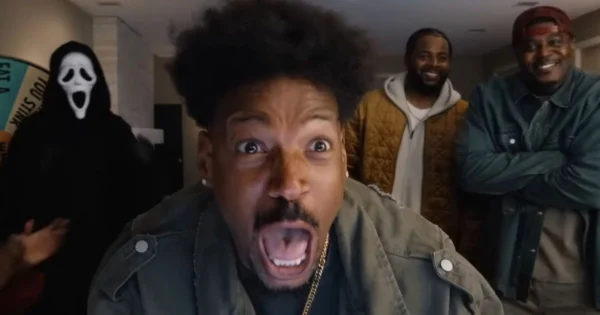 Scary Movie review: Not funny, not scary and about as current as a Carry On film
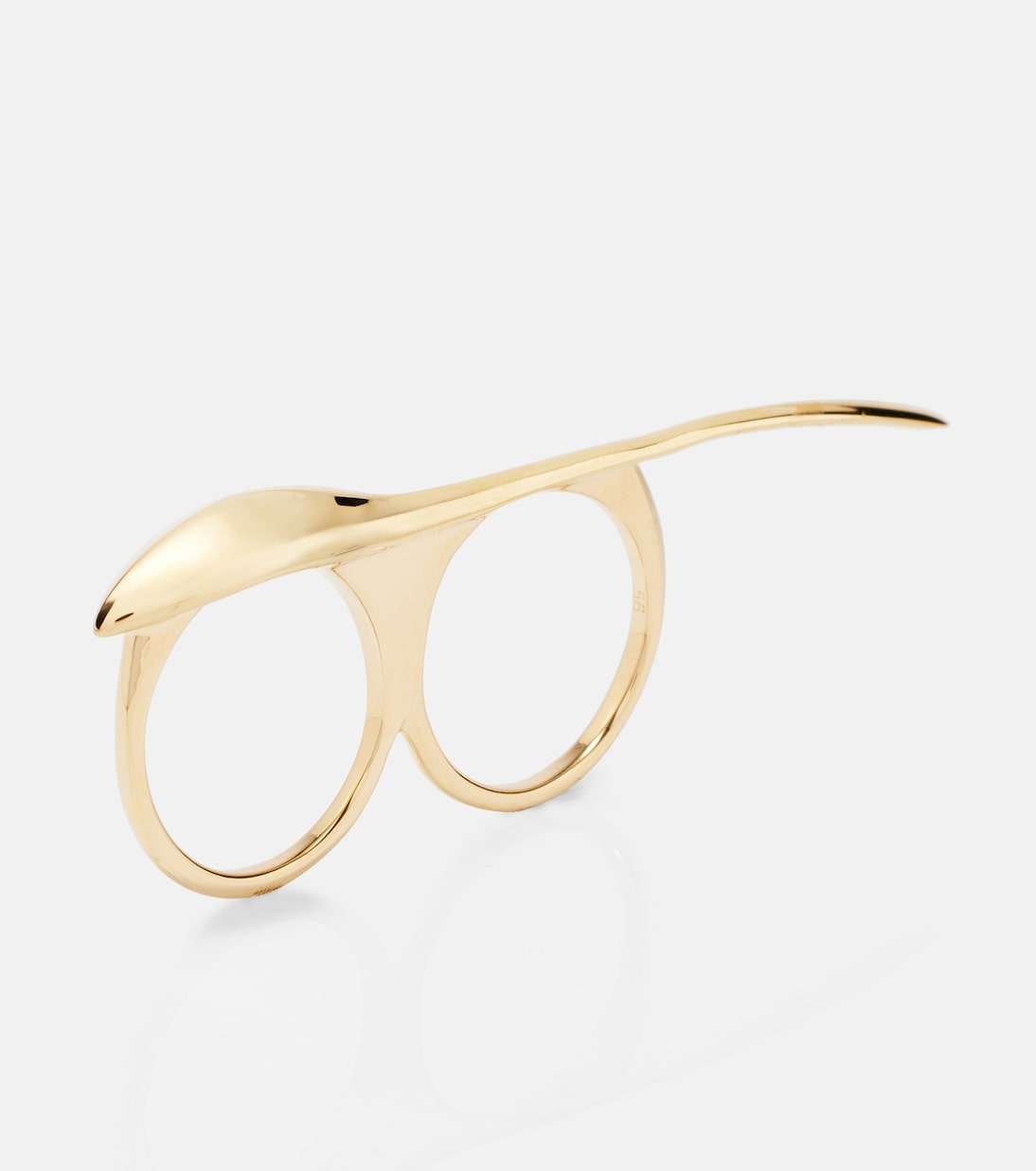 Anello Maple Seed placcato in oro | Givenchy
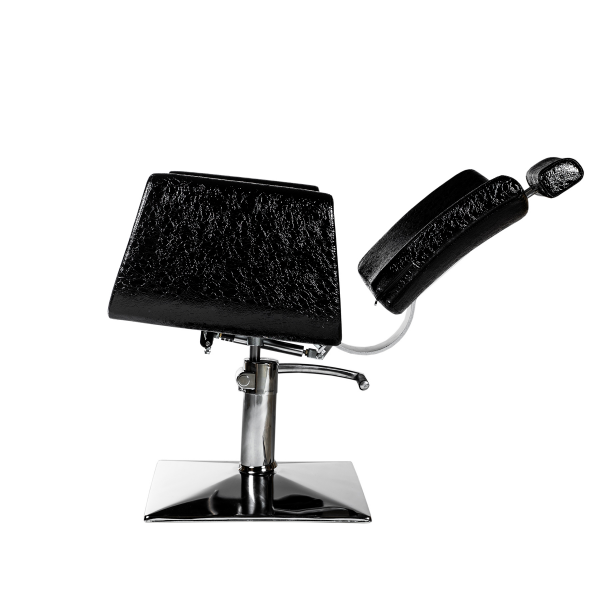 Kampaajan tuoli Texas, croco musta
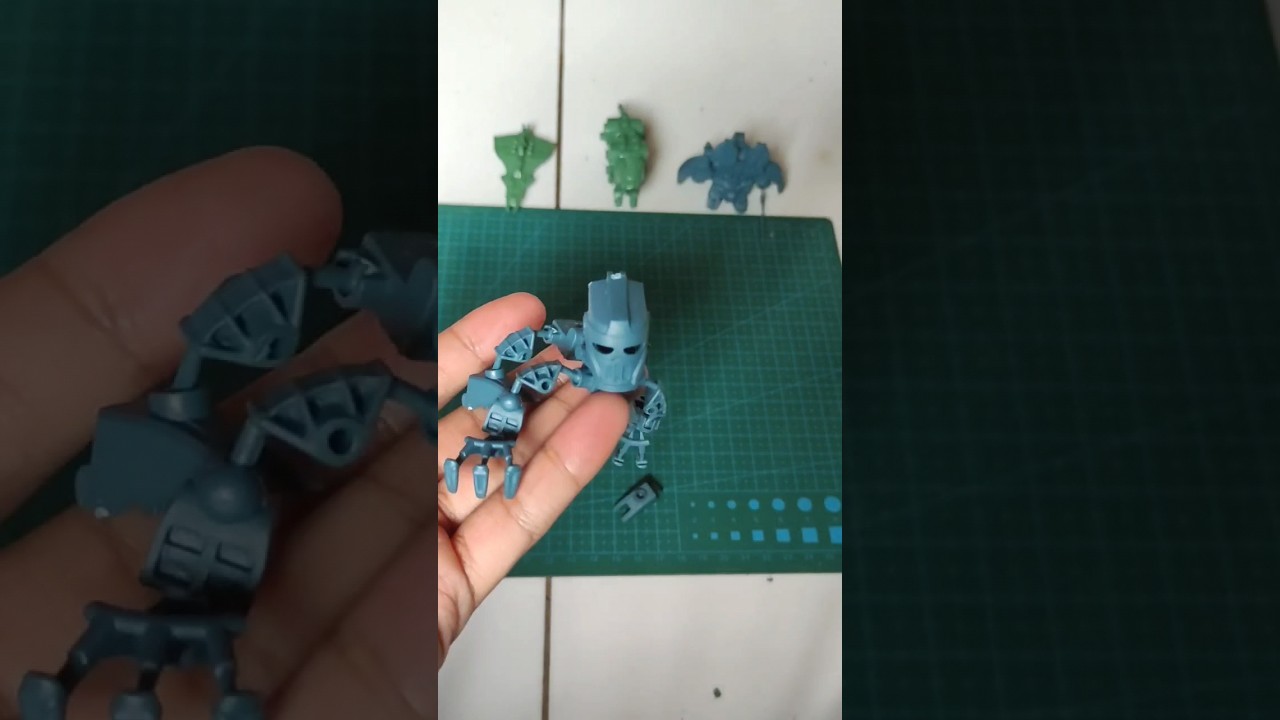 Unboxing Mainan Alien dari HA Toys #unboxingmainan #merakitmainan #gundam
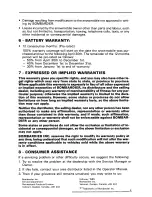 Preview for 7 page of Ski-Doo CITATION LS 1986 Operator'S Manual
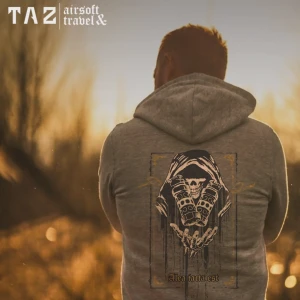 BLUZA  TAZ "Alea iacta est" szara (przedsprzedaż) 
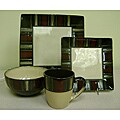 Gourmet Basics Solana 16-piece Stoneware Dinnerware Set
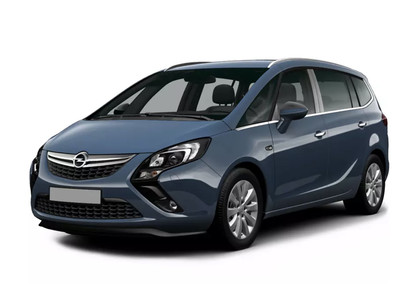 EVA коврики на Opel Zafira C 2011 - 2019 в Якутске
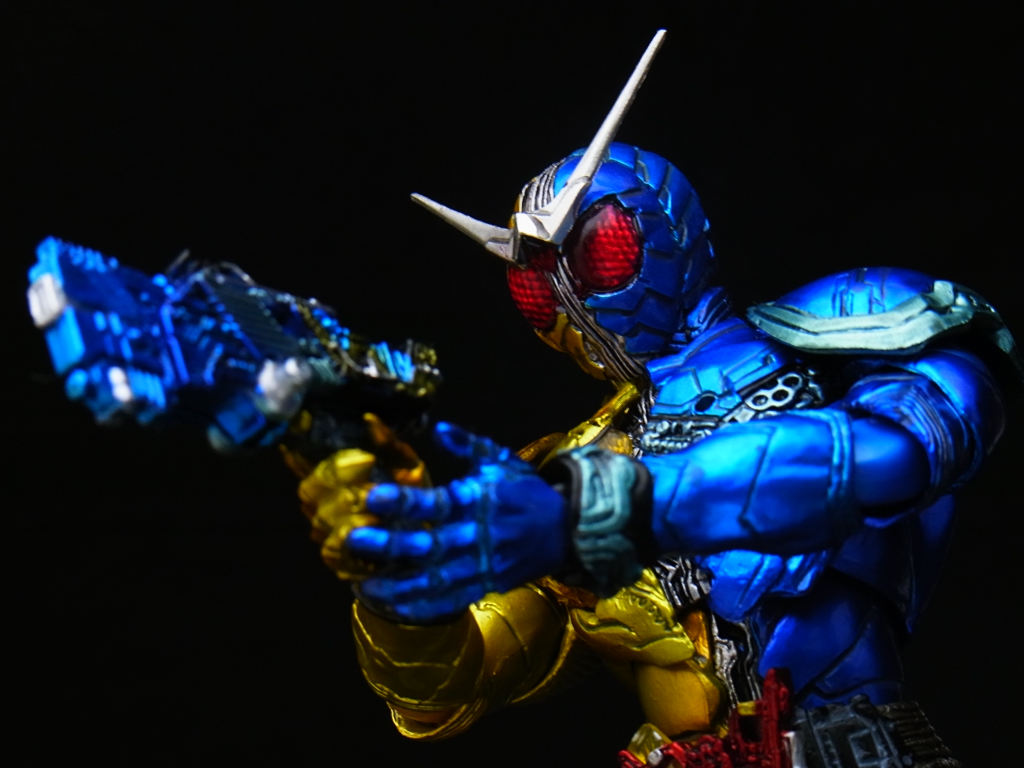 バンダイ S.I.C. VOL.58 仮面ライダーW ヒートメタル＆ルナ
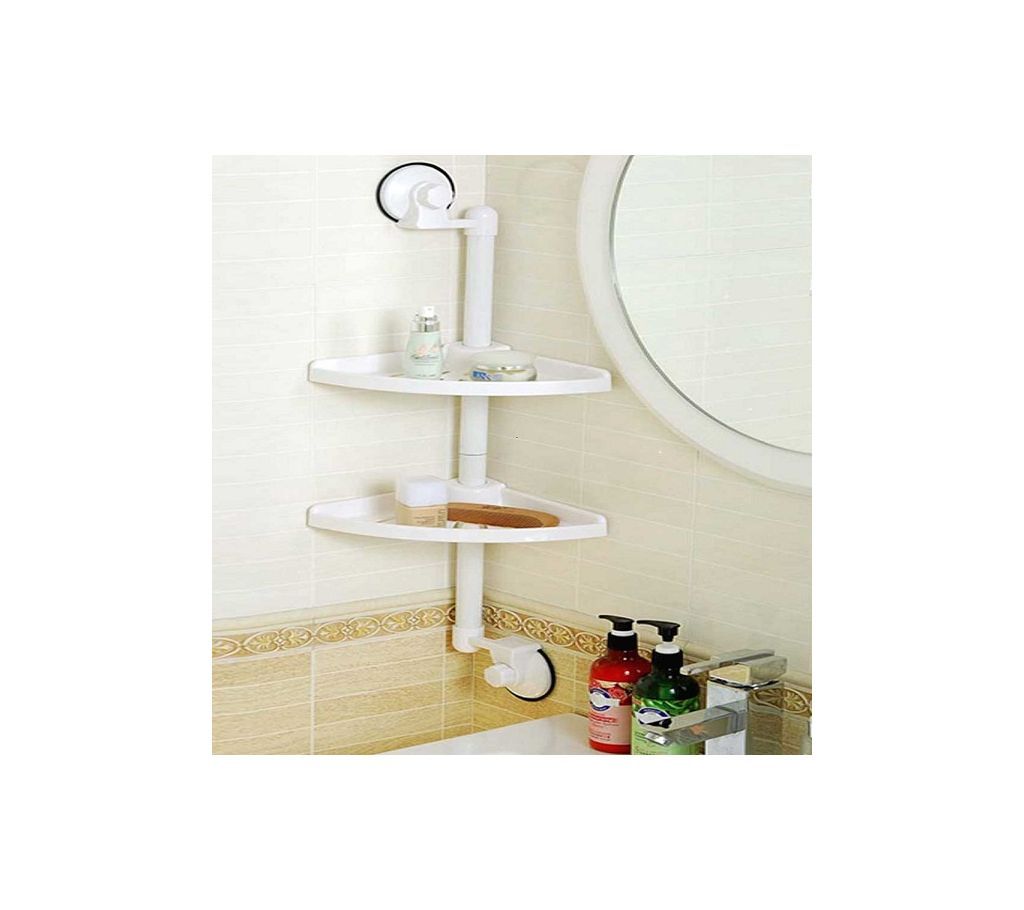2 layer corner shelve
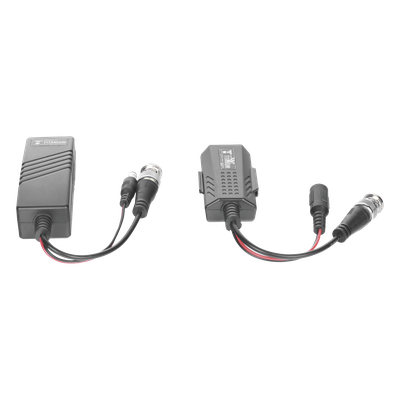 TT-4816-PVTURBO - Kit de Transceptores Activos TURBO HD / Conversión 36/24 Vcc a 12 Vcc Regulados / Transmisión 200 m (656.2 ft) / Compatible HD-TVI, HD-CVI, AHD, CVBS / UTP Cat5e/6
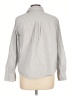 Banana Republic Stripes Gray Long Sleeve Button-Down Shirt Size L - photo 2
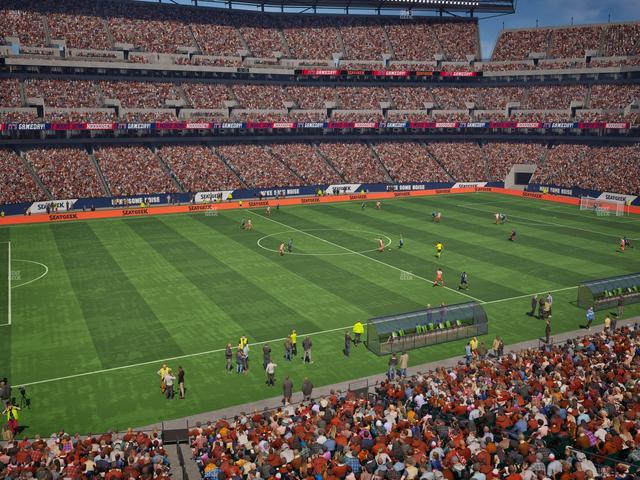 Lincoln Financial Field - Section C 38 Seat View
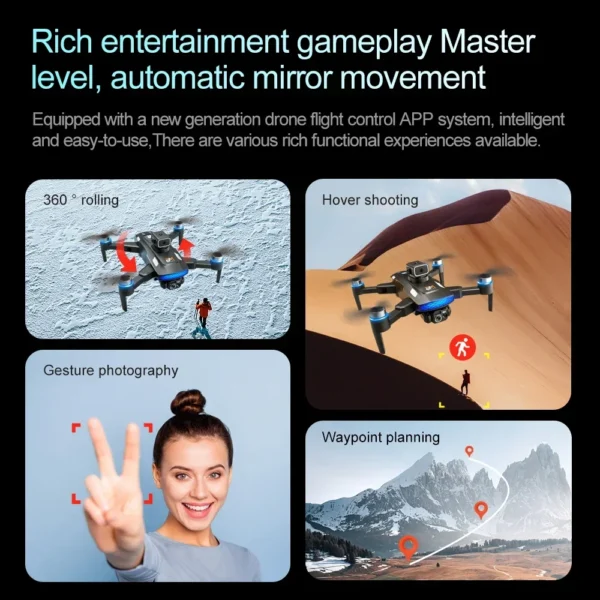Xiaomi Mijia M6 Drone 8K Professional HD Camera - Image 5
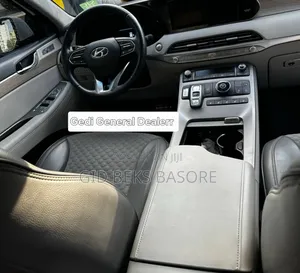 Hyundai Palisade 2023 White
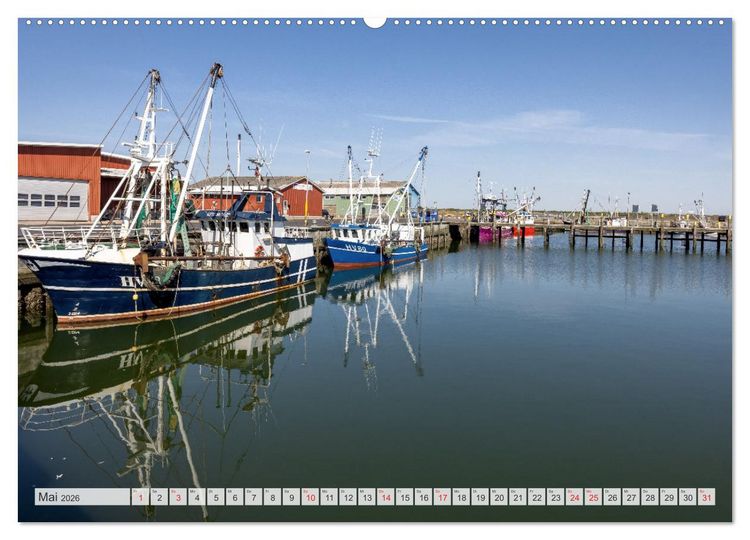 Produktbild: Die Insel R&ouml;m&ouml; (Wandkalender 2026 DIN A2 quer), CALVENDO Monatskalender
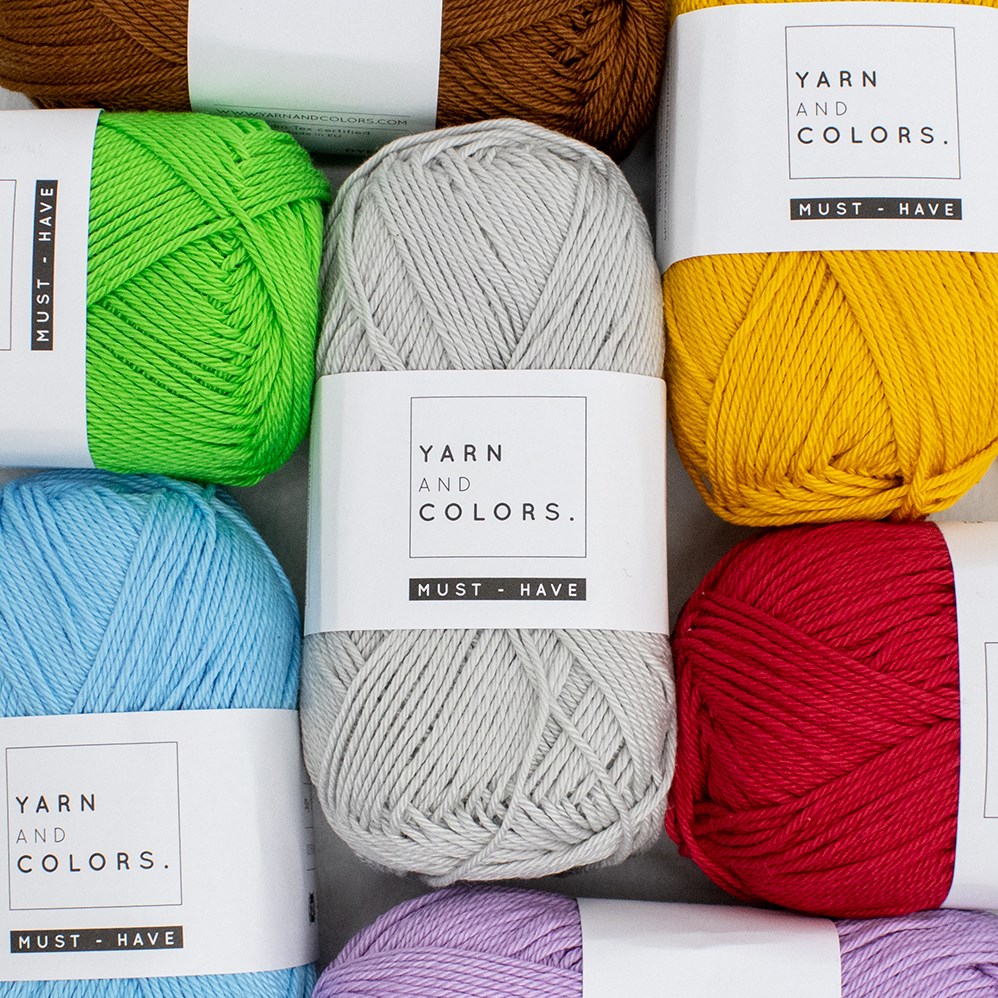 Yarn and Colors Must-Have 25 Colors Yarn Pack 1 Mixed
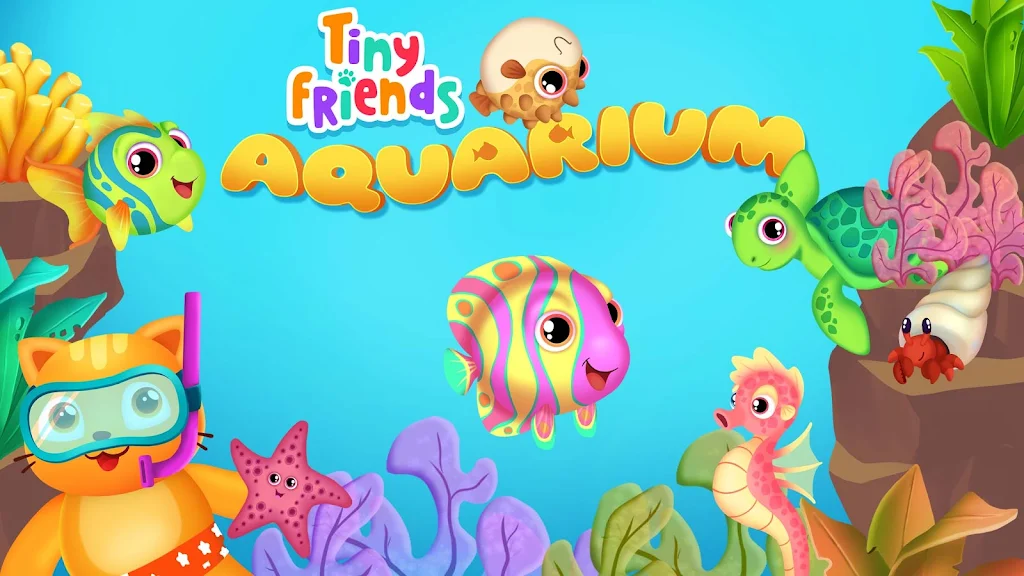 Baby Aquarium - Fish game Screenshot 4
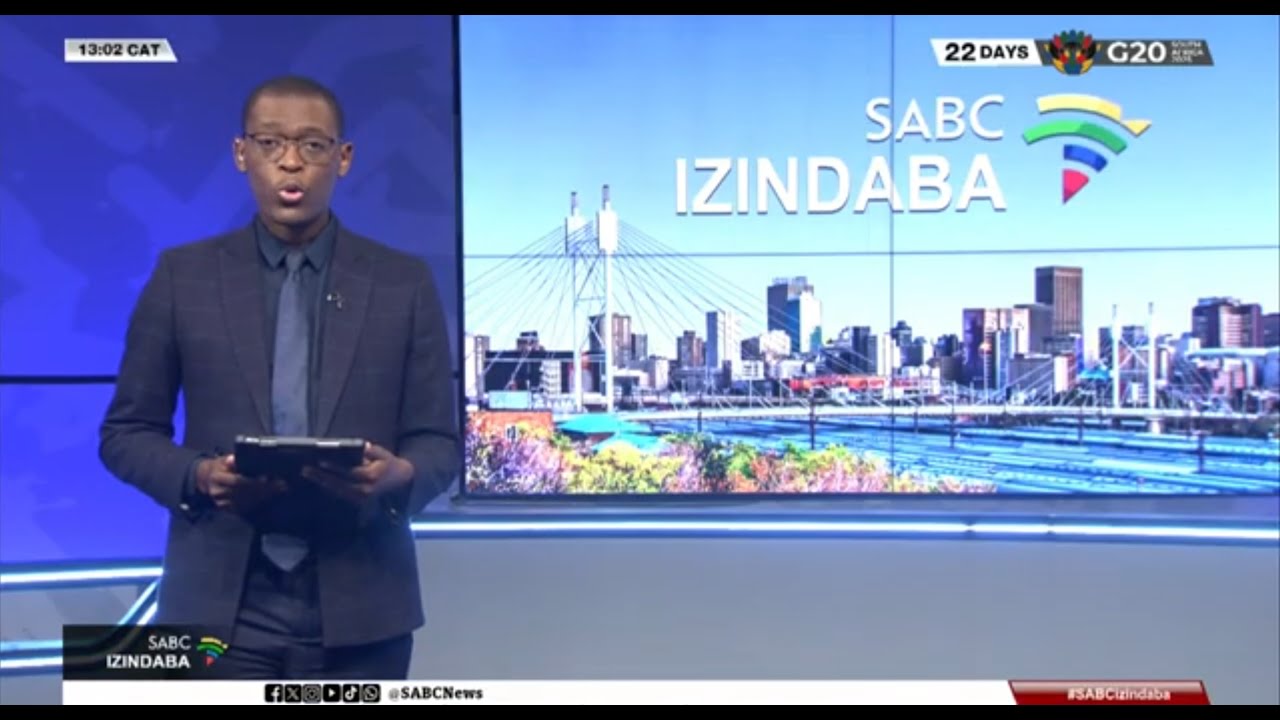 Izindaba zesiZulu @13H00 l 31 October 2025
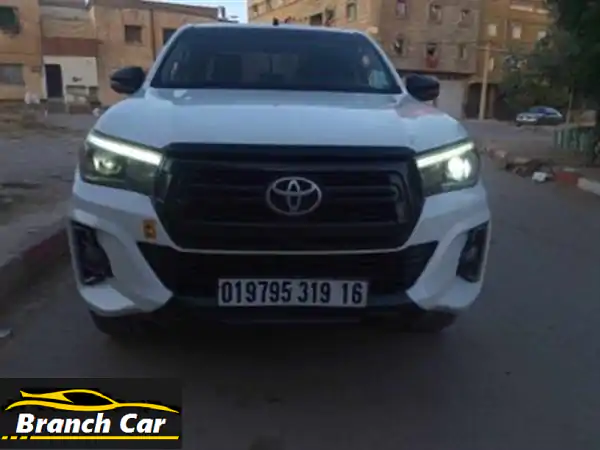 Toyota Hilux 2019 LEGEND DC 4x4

+ + + +

**REQUIRED WORK**: Omit the pictures, then extract verbatim only those lines that fall between the line containing "Gourmet Basics Solana" and the final line of the records above, both included.

**RESULT OF THIS TASK**:
 Gourmet Basics Solana 16-piece Stoneware Dinnerware Set
 EVA коврики на Opel Zafira C 2011 - 2019 в Якутске
 バンダイ S.I.C. VOL.58 仮面ライダーW ヒートメタル＆ルナ
2 layer corner shelve
 TT-4816-PVTURBO - Kit de Transceptores Activos TURBO HD / Conversión 36/24 Vcc a 12 Vcc Regulados / Transmisión 200 m (656.2 ft) / Compatible HD-TVI, HD-CVI, AHD, CVBS / UTP Cat5e/6
 Banana Republic Stripes Gray Long Sleeve Button-Down Shirt Size L - photo 2
 Lincoln Financial Field - Section C 38 Seat View
Xiaomi Mijia M6 Drone 8K Professional HD Camera - Image 5
 Hyundai Palisade 2023 White
 Produktbild: Die Insel R&ouml;m&ouml; (Wandkalender 2026 DIN A2 quer), CALVENDO Monatskalender
 Yarn and Colors Must-Have 25 Colors Yarn Pack 1 Mixed
 Baby Aquarium - Fish game Screenshot 4
 Izindaba zesiZulu @13H00 l 31 October 2025
 Toyota Hilux 2019 LEGEND DC 4x4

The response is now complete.